May 9, 2009 at 1:59 am
I have been using CSV files for a one-off data conversion - it is the only mechanism I have available. The good thing is that I have control of both the export and the import.
One of the fields I am extracting has a TEXT datatype and it contains free-text notes. There are all sorts of problematic characters in there (double quotes, single quotes, commas, tabs - you name it). These characters need to be removed or replaced as they are extracted, or they will cause a problem on upload.

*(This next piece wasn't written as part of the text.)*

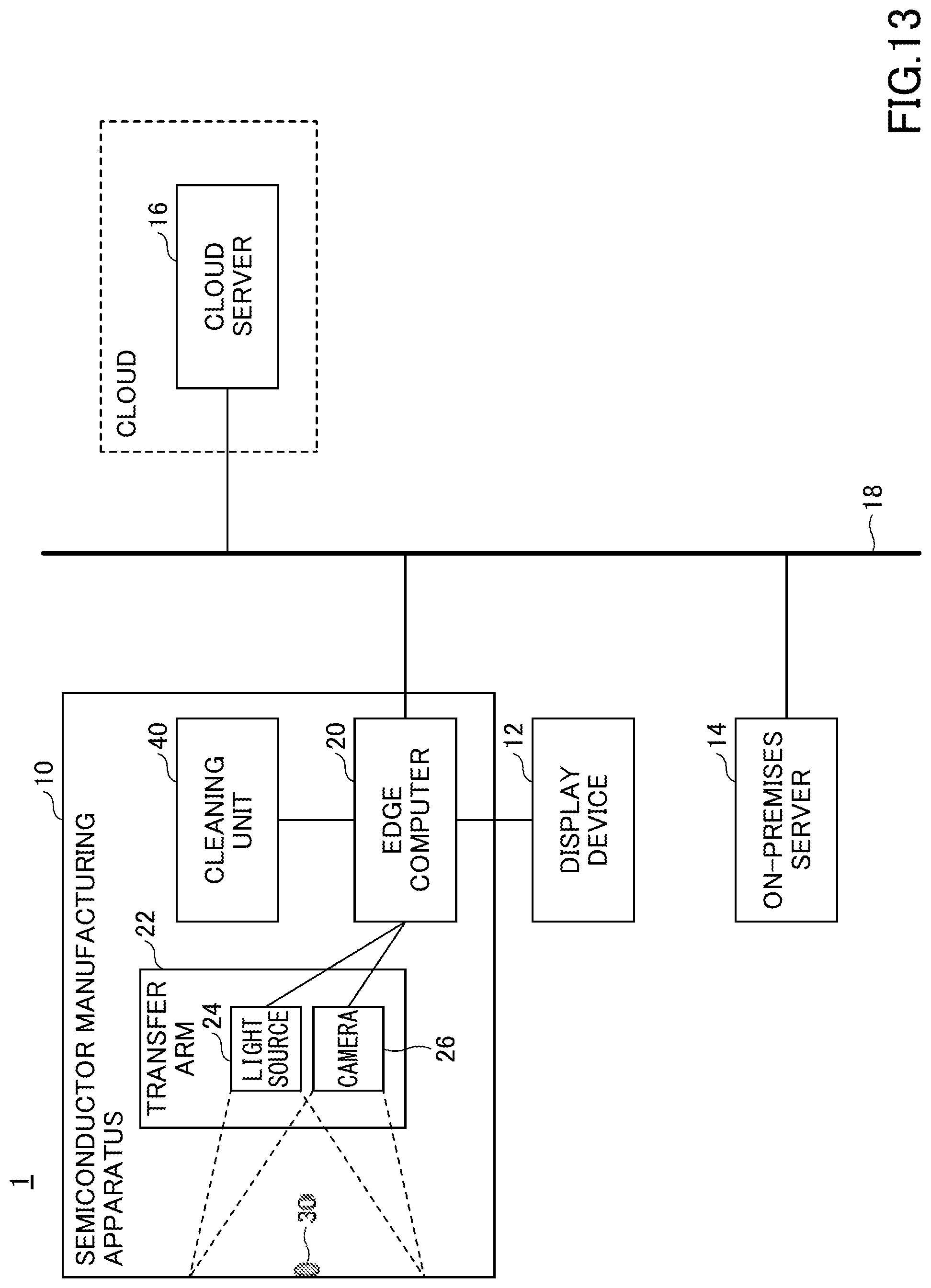 Patent US11776105 Figure 13 – Contaminant detection system, contaminant detecting method, and semiconductor manufacturing apparatus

But there does not appear to be any way to run a REPLACE command on a text field - either in T-SQL or in an SSIS Script Component.
In the end, I CAST the field to Varchar(4000) on extract and was able to use replace on that. Some data was truncated, but it was an acceptably small amount. But I would love to know whether anyone else has dealt with this problem without losing data? I would like to be able to do this in the pipeline somehow and not as a bulk replace on the CSV file once it has been created.
Cheers for any input
Phil
The absence of evidence is not evidence of absence
- Martin Rees
The absence of consumable DDL, sample data and desired results is, however, evidence of the absence of my response
- Phil Parkin
May 11, 2009 at 7:42 am
Phil Parkin (5/9/2009)
I have been using CSV files for a one-off data conversion - it is the only mechanism I have available. The good thing is that I have control of both the export and the import.One of the fields I am extracting has a TEXT datatype and it contains free-text notes. There are all sorts of problematic characters in there (double quotes, single quotes, commas, tabs - you name it). These characters need to be removed or replaced as they are extracted, or they will cause a problem on upload.
But there does not appear to be any way to run a REPLACE command on a text field - either in T-SQL or in an SSIS Script Component.
In the end, I CAST the field to Varchar(4000) on extract and was able to use replace on that. Some data was truncated, but it was an acceptably small amount. But I would love to know whether anyone else has dealt with this problem without losing data? I would like to be able to do this in the pipeline somehow and not as a bulk replace on the CSV file once it has been created.
Cheers for any input
Phil
Phil,
What about using derived column with expression using REPLACE function in it?
May 11, 2009 at 8:14 am
Thanks for the idea - tried it and:
The function REPLACE does not support the data type "DT_TEXT" for parameter number 1. The type of the parameter could not be explicitly cast into a compatible type for the function. To perform this function, the operand needs to be explicitly cast with a cast operator.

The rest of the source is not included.